The Best Scalloped Potatoes
These are The Best Scalloped Potatoes! Made with chicken stock and heavy cream, they are a lighter version than the original.
Prep Time25 mins
Cook Time15 mins
Total Time40 mins
Servings: 10 people
- 2 1/2 pounds russet potatoes sliced thin
- 1 cup chicken stock
- 1 cup heavy cream
- 1 onion diced small
- 2 TBSPs unsalted butter
- 1 tsp garlic powder
- 1 tsp salt
- 1 tsp dried thyme
- 1/4 tsp black pepper
- 1 cup cheddar cheese freshly grated
- 1 cup French's® Crispy Fried Onions
- fresh parsley for garnish optional
Preheat your oven to 425 degrees. Spray a 8 by 8 inch baking dish with cooking spray.
After peeling and slicing your potatoes put them in a large bowl and cover with chicken stock and heavy cream so they don't brown as you prepare the rest of the recipe.
Over medium heat in a large dutch oven, melt the butter. Add in the onion and cook until translucent, 5 to 7 minutes. Add in the garlic powder, salt, thyme, and black pepper.

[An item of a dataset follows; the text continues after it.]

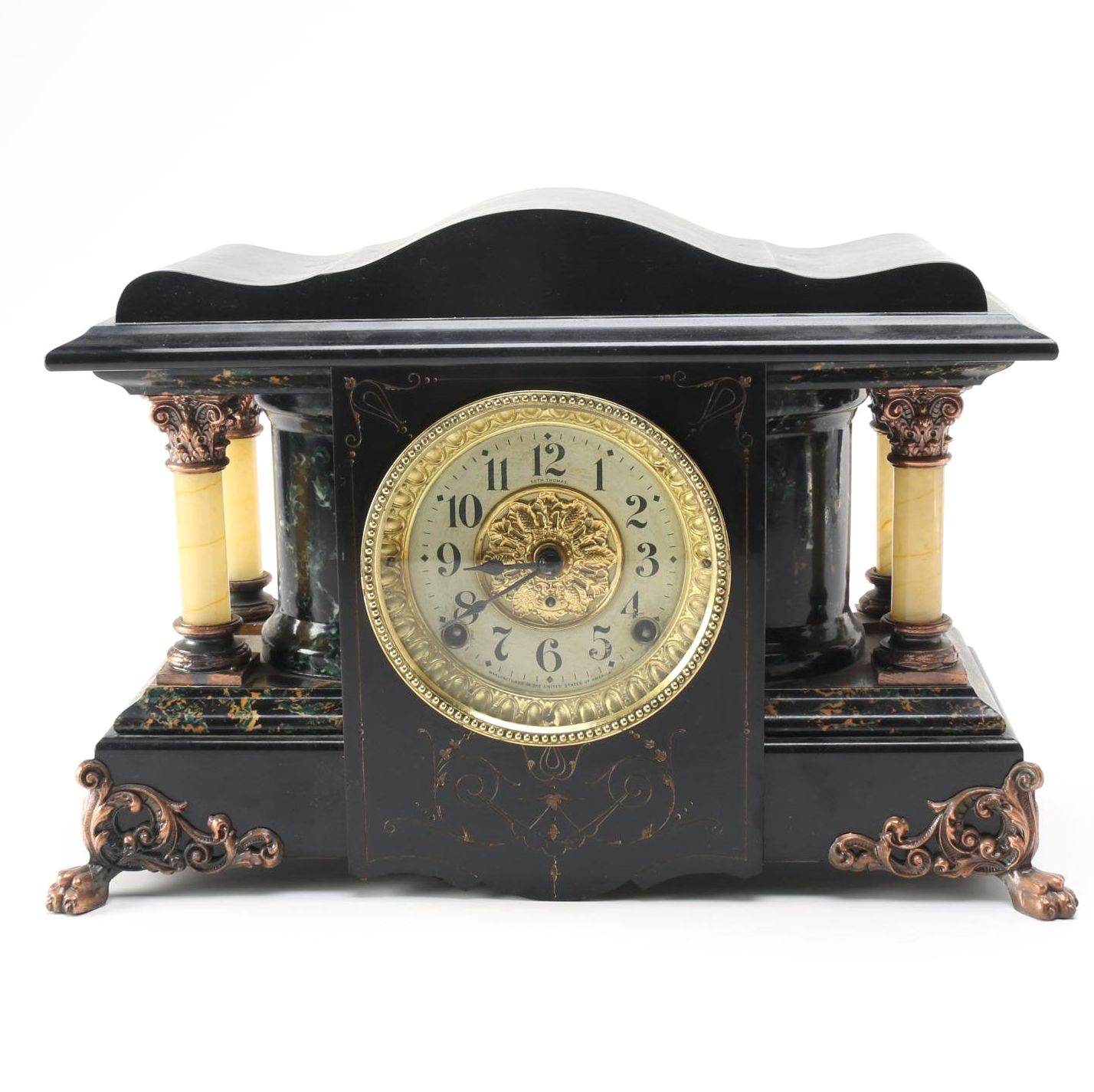 Seth Thomas Pillar Mantel Clock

Add the potatoes, cream, and stock to the dutch oven and bring to a simmer. Cover and cook for 10 minutes or until the potatoes are tender and can be sliced with a paring knife with little resistance.
Transfer the potato mixture to the baking dish and smooth into an even layer. Top with the cheddar cheese and bake for 10 minutes. Remove from the oven, top with French's® Crispy Fried Onions and bake for an additional five minutes.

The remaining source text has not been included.